Premier Brad Wall says he's disappointed that a group of University of Regina professors are protesting a scholarship program for the children of fallen soldiers.
Earlier this week, CBC News reported that 16 professors had signed a letter to University of Regina president Vianne Timmons about Project Hero.
Under the program, which the school launched several weeks ago, children of members of the military who died while on active duty receive free tuition for four years, as well as $1,000 for books.
Dozens of other post-secondary institutions across Canada have also adopted the year-old program.

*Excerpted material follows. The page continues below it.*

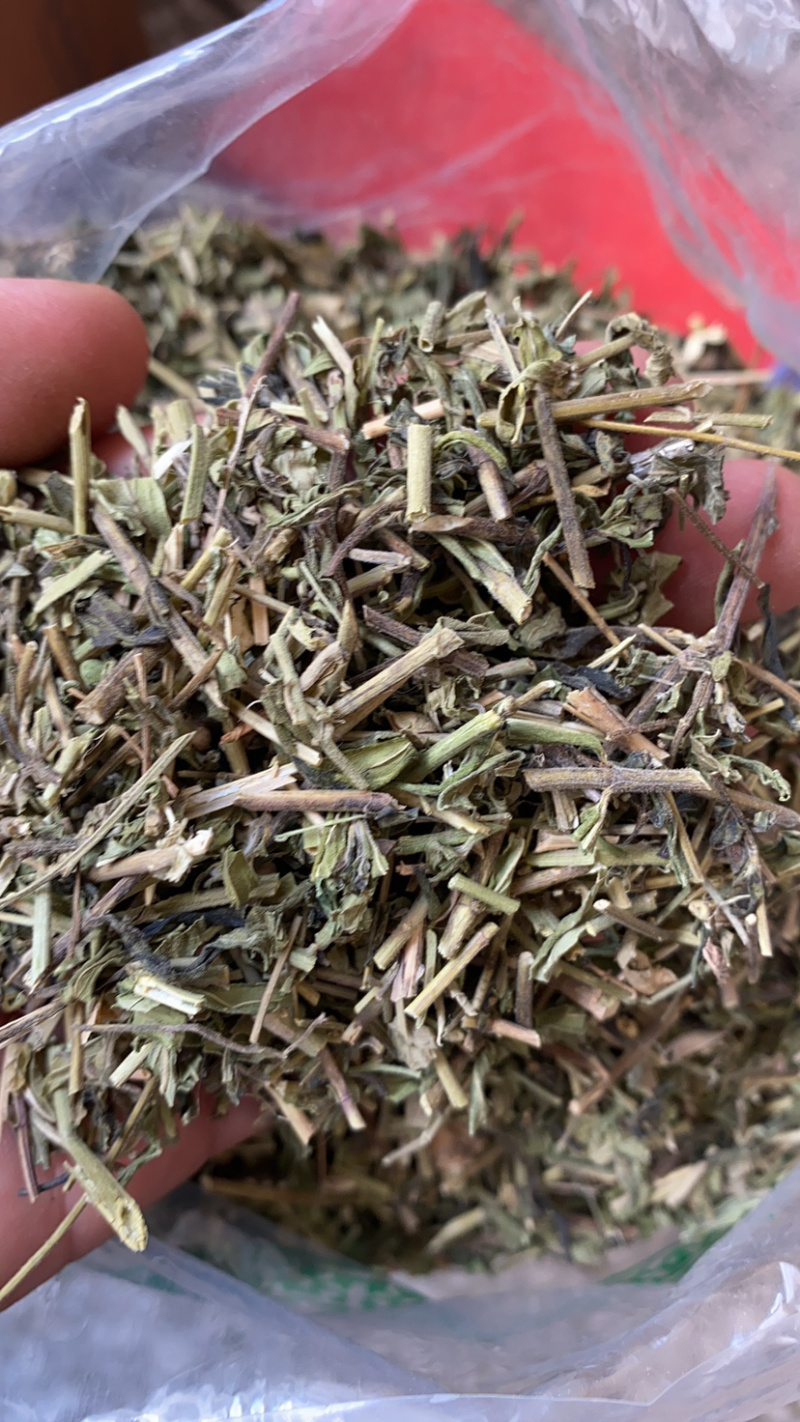 半枝莲产地直销量大从优批发各种中药材需要联系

However, the Regina professors say Project Hero glorifies military action and they don't want their school to be part of it.
One of them, Jeffrey Webber, told CBC News he's not against helping children of Canadian military members, but believes the program celebrates, among other things, Canada's military intervention in Afghanistan.
Such talk caught the attention of Wall, who noted the provincial government helped set up the program in Saskatchewan.
"I'm very, very disappointed in these comments from these University of Regina professors about Canadian imperialism," Wall told reporters Thursday.
Also jumping into the fray was Regina-Lumsden-Lake Centre MP Tom Lukiwski, who issued a press release that called the protest "sad" and "heartless."
Lukiwski demanded that the professors withdraw their letter and issue an apology to all Canadian soldiers and their families.
Officials at the University of Regina say they've received many calls and comments from alumni and others about the dispute.
"We appreciate that people obviously feel very strongly about this, on both sides," University of Regina vice-president of external affairs Barb Pollock said.
While the university is a place where diversity of thought is encouraged and the professors are free to express their opinions, they won't change Project Hero at the university, she said.
"The program is continuing," she said.